We moved over to Petronius and it was the same thing there. Bunch of small tuna everywhere. As we were drifting by the rig, we notice small tuna skying out of the water 40 ft from our boat and a big lit up blue comes crashing in. It was a awesome site and I think my heart stopped for a few minutes. Anyway, we quickly catch a small bft and get bit a few minutes later but the hook never found the marlin. What a great Blue Marlin bite.




























We caught a ugly ass escolar or oil fish day dropping for swordfish and we were rewarded with a snowy. I'm still looking for a swordfish for 2009 and can't wait for the next window. Enjoy the pictures. We all had a great time. By the way, we started the trip releasing a pelican. First time that's happen.




























Jeff


----------



## Chris V (Oct 18, 2007)

I was waiting for your report Jeff. Good job on the late season blue. That is an oilfish you got there in the bottom pic,I hope you didn't eat it.
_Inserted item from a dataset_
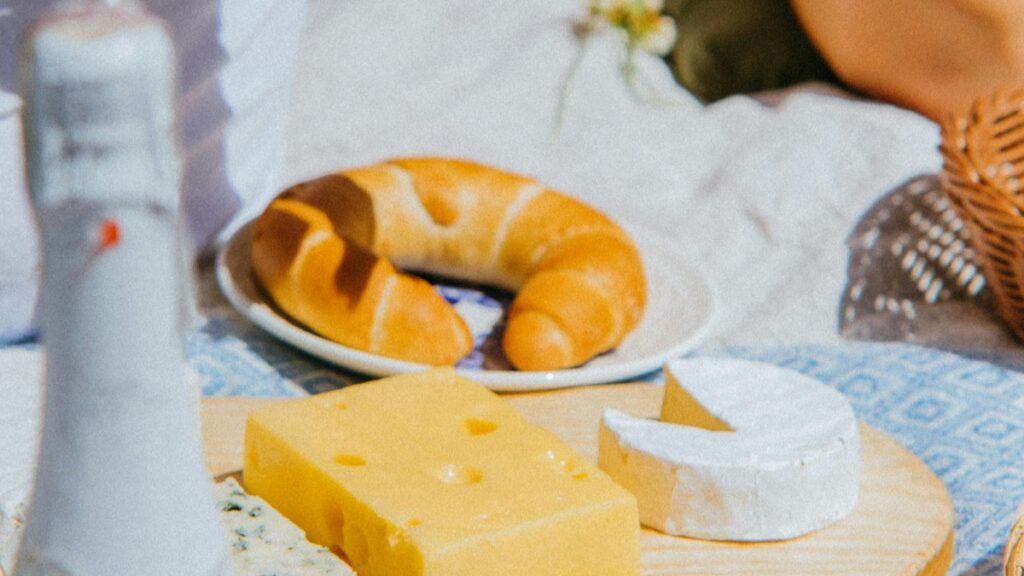 Un délicieux assortiment de fromages, y compris un fromage à trous, un camembert avec une part enlevée, et un croissant doré sur une assiette. Cette image est associée aux Tarifs des Collaborations avec des Influenceurs sur Twitter en France en 2025.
You'll get your sword. Craig and keith went swording too and they didn't get a bite either so don't feel bad.


----------



## NaClH2O (Feb 14, 2008)

I have been looking for your report this week. I always love reading the macala reports. Yall always find some way to catch fish. Congrats on the blue that is awesome. Did you get to see the other blue eat the live bait?

Team Recess

Rob


----------



## fisheye48 (Sep 28, 2007)

sweet hook up on the pelican! oke they can be a pain in the ass most of the times...congrats on the blue and the tunas


----------



## Heller High Water (Nov 1, 2007)

Even with the no luck sword drift you guys still had a decent day. I am with you on the hunt for big yft. Thanks for posting and nice pics, cant wait to see the video. :clap:clap


----------



## Cast-N-Call (Apr 21, 2009)

Congratulations on a great trip. Keep trying for those swords and keep us posted.


----------



## OBsession (Feb 13, 2008)

Jeff, great report, we were going to go this wekend but looks like we're getting a blowout. That escobar makes some fine sushi...whatever you do, DON'T FRY IT. great on the grill. long time since I spoke with you...Grouper Pimp


----------



## macala (Oct 4, 2007)

> *tunapopper That is an oilfish you got there in the bottom pic,I hope you didn't eat it.
> 
> No, I didn't eat it. My sushi chef here in Atlanta really wanted it so I gave it to him. He really likes the funky stuff. Man, where are the swords?*


----------



## recess (Oct 8, 2007)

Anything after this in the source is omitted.